“Wrangling Data”

Riley Boice
2 min readFeb 3, 2021

--

After perusing Journalism Handbook and Source: Cleaner, Smarter Spreadsheets, I was left with more questions than insights — which surprised me because they seem to be written for data beginners.

Both articles presume a certain amount of familiarity with lingo that do not yet have. They also presume a familiarity with the process of gathering, cleaning and using data that if I had, would make these articles quite helpful (I think.)

Some take-aways:

  • A narrow, specific scope will help you to obtain the right data and not leave you with far too much to sort through.
  • However, refraining from narrowing that scope too much will allow you more maneuverability if you realize you need more information which you initially thought would be irrelevant to your question.
  • Asking the right questions of the data supplier will help you to head off confusion as you sort through and clean your data.
  • Structure. is. important. (i.e. readability to other humans is important) → in other words, keep a running diary and updated dictionary so you that you and others can read your work.
  • Decide on a consistent approach to labeling (names, dates and the like)
  • Use dashes instead of spaces when naming things to avoid confusion later on

Questions:

  • What is CSV?
  • What does it mean to filter data?
  • What are the mistakes in either of the examples shown? They are not well explained.
  • What sorts of queries or notes might one put down in their data diary if they’ve never done this before?

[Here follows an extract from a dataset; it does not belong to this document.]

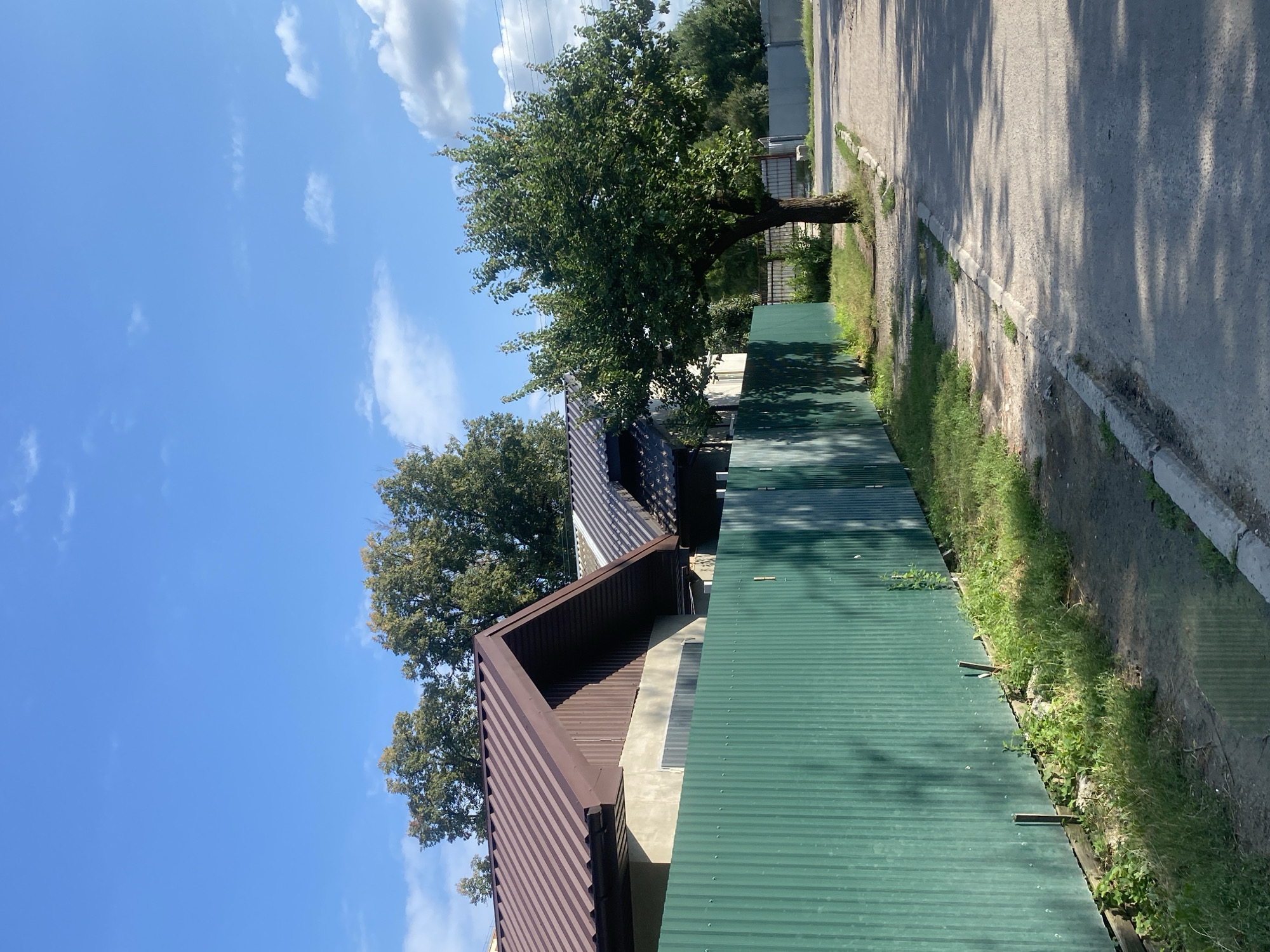 Quiet residential street in Poltava on a sunny post-rain afternoon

I chose County Index crime rates and counts by county in New York state.

I opened the data in Excel, and decided to narrow down what I would chart — I chose the six highest rates and six lowest rates and then organized those 12 from highest population to lowest. I could not figure out how to graph these two things on the same chart in a way that conveyed information visually.

I think the problem was how the spread was for population vs crime count, making the crime numbers appear to be zero even though there was a slight change in the line.

So I graphed them separately and overlaid them in my hand drawing. I hope to figure out how to do this on the computer as well.

*I realize the red vs pink doesn’t offer ideal contrast on a screen as it does in person — I will fix this next time

--

--